The other thing you should know is that Kate can get really mad, like Hulk mad, and when she gets Hulk mad she likes to throw things at me. My mother used to do this with her shoes if she couldn’t catch us to spank us with them. Needless to say, I’m used to getting things thrown at me and my reflexes have grown quick out of sheer will to survive. Kate now had that same look in her eye. I assumed my ready stance. We looked at each other then we both looked down at the baby. My first thought: She wouldn’t throw the baby at me would she? In her eyes I could see her thinking, “I can’t throw the baby at him, can I?” Kate is usually quick to regret throwing things at me. I felt pretty sure she would really regret this one. I even considered for a second throwing her something to throw at me.

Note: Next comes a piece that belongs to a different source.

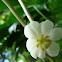 May Apple, Podophyllum peltatum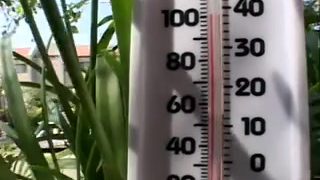 Hard Anal for the Enjoyable Lyla.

Thankfully, Kate’s maternal hormones kicked in and successfully overrode the Hulk ones. She held onto the baby and, instead, began to cry. I was impressed by how fast she was able to bury her anger and convert it to sadness. It’s taken me most of my adult life to do that. Still working on it.

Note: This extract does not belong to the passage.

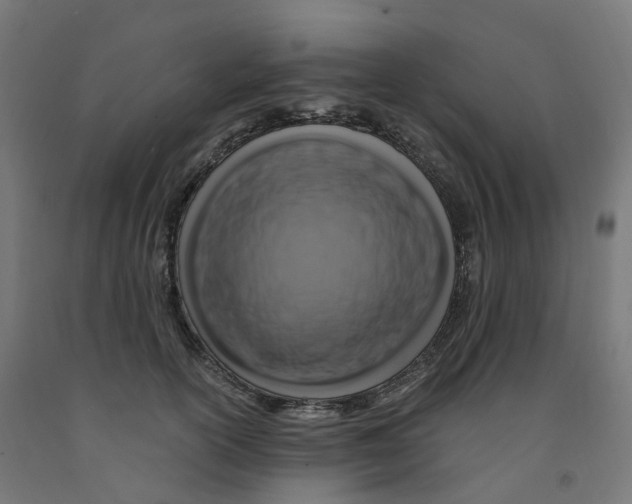 X0000091900754200710031822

Anyway, later, when the calm had settled back into Kate’s eyes and the baby back into her loving lap, I asked her if she considered throwing the baby at me back there.

“I considered it.” She said.

She thought for a moment.

“He’s gotten so fat though, I doubt I would’ve been able to throw him very hard.”

“You’re also pretty out of shape right now,” I added.

So, yes, the baby is good and getting fatter by the minute (with near-constant breastfeeding). He’s sleeping well and starting to discern day from night, thus coming around to the normal sleeping schedule of a diurnal mammal, which we’re pleased about. He seems to be progressing at a normal rate though I’m still holding out hope for signs of freakish genius. I’ve always wanted a prodigy and I think I might just keep having babies till I get one.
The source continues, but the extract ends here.